What you have to do — Leave out the pictures and restate the rest of the data exactly.

The data —

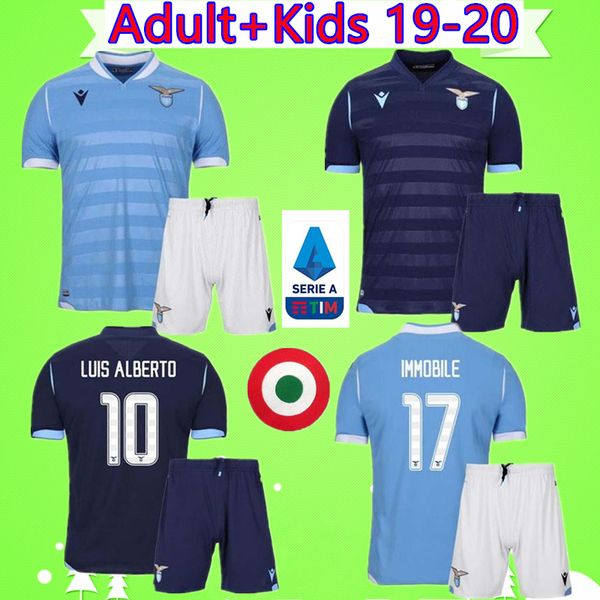 

kids kits lazio soccer jerseys 19 20 immobile luis bastos alberto marus sergejic children men football shirt boys maglia da calcio, Black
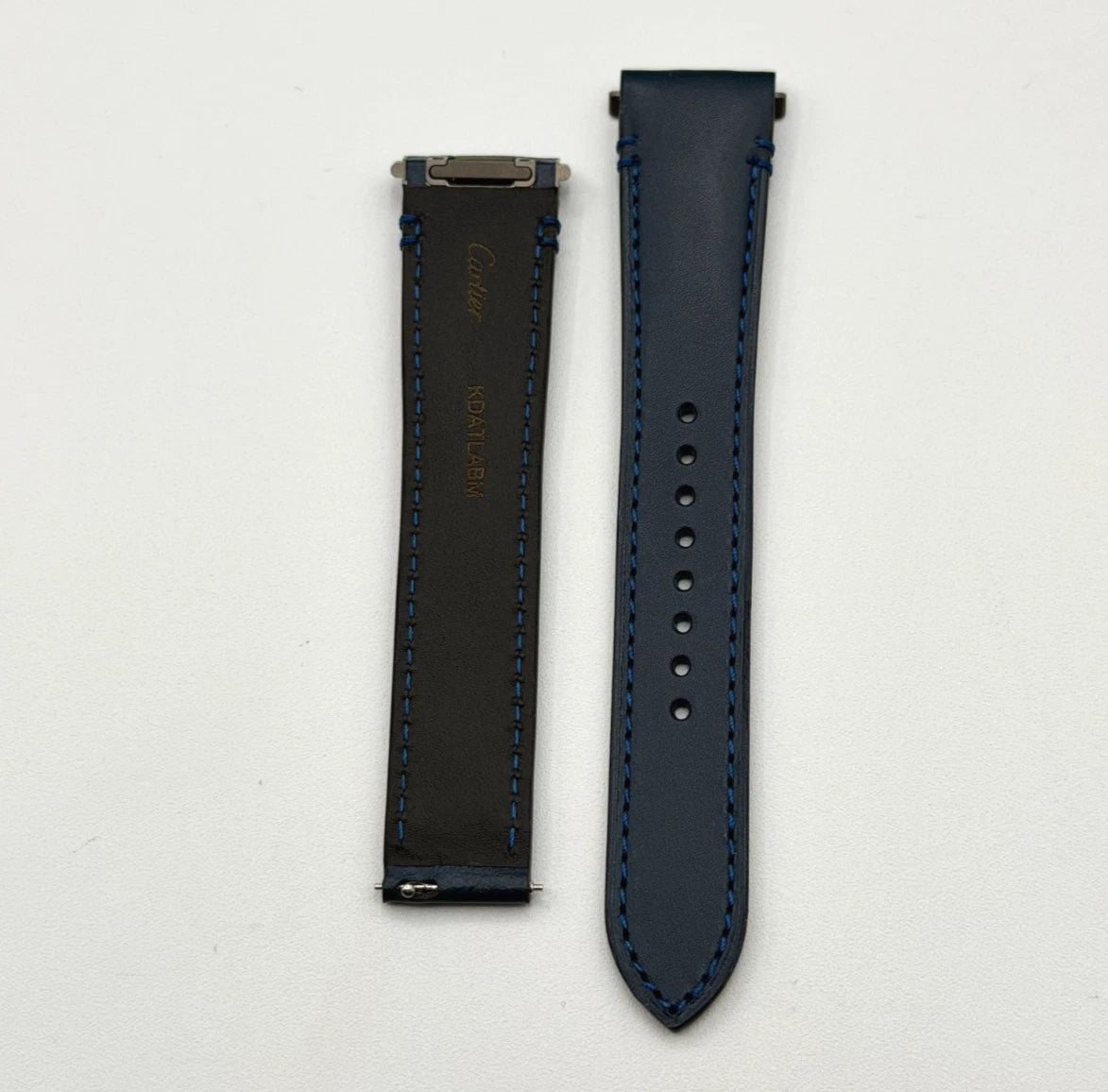 Cartier Santos cinturino orologio pelle blu vegetale blue KDATLABM 18.5/16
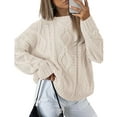 thumbnail image 1 of Sweaters for Women Crew Neck Cable Knit Sweater Ribbed Long Sleeve Knitted Pullover Sweater Alsol Lamesa, 1 of 4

Response below —
kids kits lazio soccer jerseys 19 20 immobile luis bastos alberto marus sergejic children men football shirt boys maglia da calcio, Black
 Cartier Santos cinturino orologio pelle blu vegetale blue KDATLABM 18.5/16
 thumbnail image 1 of Sweaters for Women Crew Neck Cable Knit Sweater Ribbed Long Sleeve Knitted Pullover Sweater Alsol Lamesa, 1 of 4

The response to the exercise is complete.